Welcome to the September 2019 edition of Spend Matters Insider’s Hot List, a monthly look at the contingent workforce and services (CW/S) space that’s available to PLUS and PRO subscribers. For those new to the Hot List, each edition covers the prior month’s important or interesting technology and innovation developments in the CW/S space.

In last month’s Hot List, our subjects included two partnerships, one between Beeline and Avature and another, between Aon and Bunker. Developments at Fiverr and Talmix were also spotlighted. We also looked, through the eyes of the National Council on Compensation Insurance, at the somewhat dubious question of whether the gig economy is overhyped. We provided an overview of developments in the fast-moving, growing freelance/small-business banking sector.

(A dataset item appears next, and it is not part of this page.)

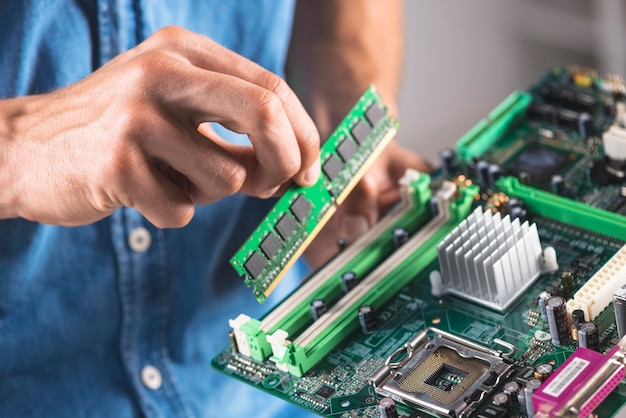 Primer plano de ingeniero poniendo el módulo de memoria RAM en la placa base de la computadora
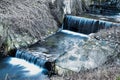Small shallow blue stream with two waterfalls Royalty Free Stock Photo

And we also took a walk on the wild side, examining a new organization that is building “the world’s first employment ecosystem designed to empower the ‘self-sovereign worker’ ” and “will feature guilds called Decentralized Employment Organizations (DEOs).”

Now Labor Day is behind us, summer vacations are over and the days are getting shorter. But before we can reset our clocks, we still must check the August temperature readings and  survey last month’s developments the CW/S space. We’ll look at several hot topics: Upwork’s review of disagreements about the size of the freelance economy, changes in worker classification, drone deliveries, a funding round by healthcare jobs marketplace provider Nomad Health, and how freelancers are changing banking and finance.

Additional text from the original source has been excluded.